No es una visión romántica de la vida campesina: aún hoy la mayor parte de la alimentación mundial la proveen los campesinos y campesinas, quienes pese a los ataques directos o mediados y a las oleadas salvajes de migración siguen siendo más de la cuarta parte de la población mundial y siguen siendo los únicos capaces de mantener la biodiversidad agrícola y de semillas, vitales para el sustento de todos.
Son parte de esta guerra los tratados de “libre” comercio, patentes de corso de las grandes empresas para el tráfico de gente y mercancías, que hasta prevén fríamente –como en el caso del TLCAN– que con su advenimiento miles de campesinos desaparecerían. También son parte de esta guerra la privatización del agua y la tierra por leyes y programas gubernamentales y los cultivos transgénicos, otra arma de las trasnacionales de los agronegocios para contaminarnos y monopolizar las semillas, llave de toda la red alimentaria.

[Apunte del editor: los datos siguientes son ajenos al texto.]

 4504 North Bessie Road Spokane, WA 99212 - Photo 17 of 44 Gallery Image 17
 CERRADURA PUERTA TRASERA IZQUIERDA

Pero a veces la guerra toma formas extremadamente descarnadas, como la masacre a sangre fría de 45 indígenas en Acteal, Chiapas, el 22 de diciembre de 1997. Aumenta la ignominia que a 10 años no se haya castigado a muchos de los autores materiales del crimen ni a ninguno de sus autores intelectuales.
Por el contrario, la guerra que se tramó desde el gobierno de Ernesto Zedillo, se intenta remozar con la versión de intelectuales de alquiler que pretenden cambiar el pasado, inventado una batalla “entre indígenas” que nunca existió. Lo que sí hubo –atestiguado nuevamente en estos días por muchos de los que estuvieron allí– fueron cadáveres de mujeres, niños y hombres asesinados a tiros por la espalda, algunos mientras rezaban en la iglesia, otros intentando escapar de la matanza, a manos de paramilitares entrenados desde fuentes gubernamentales.
Al 2007, la guerra continúa y en México se regodea con muchos otros asesinatos y atropellos impunes, como el ataque contra los campesinos y pobladores de San Salvador Atenco y Oaxaca, el asesinato de Aristeo Flores, del Consejo de Mayores de la Comunidad de Ayotitlán, de Concepción Gabino de Cuzalapa, de Faustino Acevedo de Oaxaca, por defender tierra, agua y semillas, la violación y asesinato de la anciana nahua Ernestina Ascencio por militares y muchos otros. Además de los más de 900 casos de presos políticos, la mayoría indígenas, que documentó Blanche Petrich (La Jornada, 28/10/2007) solamente desde el arribo del PAN al gobierno en el 2000.
Tan crucial como no olvidar Acteal, es saber que se preparan nuevas masacres, como han advertido desde las propias comunidades hasta personalidades reconocidas internacionalmente como John Berger y Naomi Klein recientemente.
Los métodos no han cambiado mucho. Otra vez, con la excusa de supuesta “protección ambiental”, se amenaza desalojar a comunidades zapatistas, con el contubernio de autoridades ambientales, como sucede en la reserva ecológica comunitaria de Huitepec y en la comunidad de Bolon Ajaw, aunque son las comunidades zapatistas las que verdaderamente cuidan el bosque.
Otra vez, se inventan asociaciones “civiles” para hacer creer que hay un enfrentamiento entre indígenas que pelean por la tierra, como la Opddic, cobijo de paramilitares que han agredido varias veces con armas a los campesinos zapatistas.
Pese a esta guerra que no cesa, las comunidades indígenas zapatistas en Chiapas, que el mundo conoció desde el levantamiento del EZLN en 1994, ya son una de las mayores experiencias de resistencia y creación autogestionaria de la historia. Tanto por su duración, su extensión territorial y en miles de personas, como por la calidad de la transformación: en la práctica y a contrapelo del poder han creado nuevas formas de educación, salud, economía, cultura, política, relaciones de género y de generaciones.
Donde había devastación, muerte, violaciones y humillación han sembrado vida, justicia y dignidad. Esta experiencia colectiva que ya es parte de la historia a nivel planetario, encarna la esencia terca y noble de la vida campesina. Por muchas razones, desde la deuda histórica con ellas hasta porque son apenas unos de los eslabones más visibles del ataque frontal contra muchas formas de resistencia al capitalismo salvaje, es tarea de todos defenderlas.